--- START ---

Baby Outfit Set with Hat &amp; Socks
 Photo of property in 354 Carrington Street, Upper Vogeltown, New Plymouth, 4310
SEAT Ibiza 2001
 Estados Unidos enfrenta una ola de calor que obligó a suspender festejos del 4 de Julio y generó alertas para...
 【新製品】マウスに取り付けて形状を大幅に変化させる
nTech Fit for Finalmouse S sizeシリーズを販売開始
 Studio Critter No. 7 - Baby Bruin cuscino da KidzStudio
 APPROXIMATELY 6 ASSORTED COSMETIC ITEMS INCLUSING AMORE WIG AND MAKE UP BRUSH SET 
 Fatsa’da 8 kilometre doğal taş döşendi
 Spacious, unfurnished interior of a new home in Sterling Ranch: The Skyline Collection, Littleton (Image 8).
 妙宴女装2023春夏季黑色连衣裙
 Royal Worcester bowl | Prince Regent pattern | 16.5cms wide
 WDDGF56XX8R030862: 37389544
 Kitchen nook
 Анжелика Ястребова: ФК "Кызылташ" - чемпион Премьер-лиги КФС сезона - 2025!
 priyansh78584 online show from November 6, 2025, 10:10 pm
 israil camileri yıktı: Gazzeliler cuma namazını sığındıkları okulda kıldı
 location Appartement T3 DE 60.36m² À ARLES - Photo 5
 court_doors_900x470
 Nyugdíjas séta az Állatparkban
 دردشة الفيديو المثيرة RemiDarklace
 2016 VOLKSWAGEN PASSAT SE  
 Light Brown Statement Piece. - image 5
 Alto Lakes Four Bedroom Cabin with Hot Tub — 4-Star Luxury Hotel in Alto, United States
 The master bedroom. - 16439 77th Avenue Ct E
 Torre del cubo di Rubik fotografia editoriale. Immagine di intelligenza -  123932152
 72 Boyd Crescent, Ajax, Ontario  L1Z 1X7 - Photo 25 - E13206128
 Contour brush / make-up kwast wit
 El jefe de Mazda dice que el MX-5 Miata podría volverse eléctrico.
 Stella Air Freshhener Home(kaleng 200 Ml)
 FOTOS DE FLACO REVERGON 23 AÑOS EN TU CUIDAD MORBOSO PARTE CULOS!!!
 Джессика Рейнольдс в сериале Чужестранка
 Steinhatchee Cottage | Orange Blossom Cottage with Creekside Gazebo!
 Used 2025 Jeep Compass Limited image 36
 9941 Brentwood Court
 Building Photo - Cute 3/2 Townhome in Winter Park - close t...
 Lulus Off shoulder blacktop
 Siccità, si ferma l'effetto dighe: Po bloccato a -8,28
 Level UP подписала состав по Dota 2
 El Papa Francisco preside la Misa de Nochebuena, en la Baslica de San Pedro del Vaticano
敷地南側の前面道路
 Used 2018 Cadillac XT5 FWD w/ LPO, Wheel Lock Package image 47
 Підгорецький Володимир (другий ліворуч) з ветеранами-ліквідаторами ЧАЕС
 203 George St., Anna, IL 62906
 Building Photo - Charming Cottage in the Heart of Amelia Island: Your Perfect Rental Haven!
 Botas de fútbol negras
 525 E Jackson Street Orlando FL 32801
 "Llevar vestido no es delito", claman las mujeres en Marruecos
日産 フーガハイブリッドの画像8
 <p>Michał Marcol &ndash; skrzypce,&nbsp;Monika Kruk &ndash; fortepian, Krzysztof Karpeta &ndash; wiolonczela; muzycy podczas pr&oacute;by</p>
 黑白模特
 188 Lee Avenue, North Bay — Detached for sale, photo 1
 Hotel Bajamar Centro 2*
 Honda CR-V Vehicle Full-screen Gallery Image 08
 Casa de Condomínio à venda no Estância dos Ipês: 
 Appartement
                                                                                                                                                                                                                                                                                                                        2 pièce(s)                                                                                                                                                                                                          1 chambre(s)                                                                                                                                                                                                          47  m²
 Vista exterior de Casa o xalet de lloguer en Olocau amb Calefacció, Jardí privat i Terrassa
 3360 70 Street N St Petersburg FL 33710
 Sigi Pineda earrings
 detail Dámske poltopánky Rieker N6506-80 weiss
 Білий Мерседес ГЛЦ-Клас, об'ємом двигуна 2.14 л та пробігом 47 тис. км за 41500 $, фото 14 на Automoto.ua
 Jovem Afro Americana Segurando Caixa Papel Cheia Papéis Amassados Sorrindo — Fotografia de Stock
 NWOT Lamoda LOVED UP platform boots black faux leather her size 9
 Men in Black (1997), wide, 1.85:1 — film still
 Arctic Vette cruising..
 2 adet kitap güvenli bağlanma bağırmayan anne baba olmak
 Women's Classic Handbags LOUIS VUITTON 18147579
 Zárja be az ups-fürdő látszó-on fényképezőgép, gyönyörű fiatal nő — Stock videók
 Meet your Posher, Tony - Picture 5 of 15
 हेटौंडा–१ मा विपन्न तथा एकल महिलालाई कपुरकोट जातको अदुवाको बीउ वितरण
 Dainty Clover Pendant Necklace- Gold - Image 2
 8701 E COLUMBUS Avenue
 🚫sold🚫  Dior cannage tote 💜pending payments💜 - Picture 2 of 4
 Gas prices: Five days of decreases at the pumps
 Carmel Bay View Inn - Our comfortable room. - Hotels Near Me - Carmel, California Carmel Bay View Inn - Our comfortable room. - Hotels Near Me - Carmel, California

--- END ---

[WHAT THE TASK REQUIRES]
Copy out all lines above holding "Baby".

[RESULT OF THE EXERCISE]
Baby Outfit Set with Hat &amp; Socks
 Studio Critter No. 7 - Baby Bruin cuscino da KidzStudio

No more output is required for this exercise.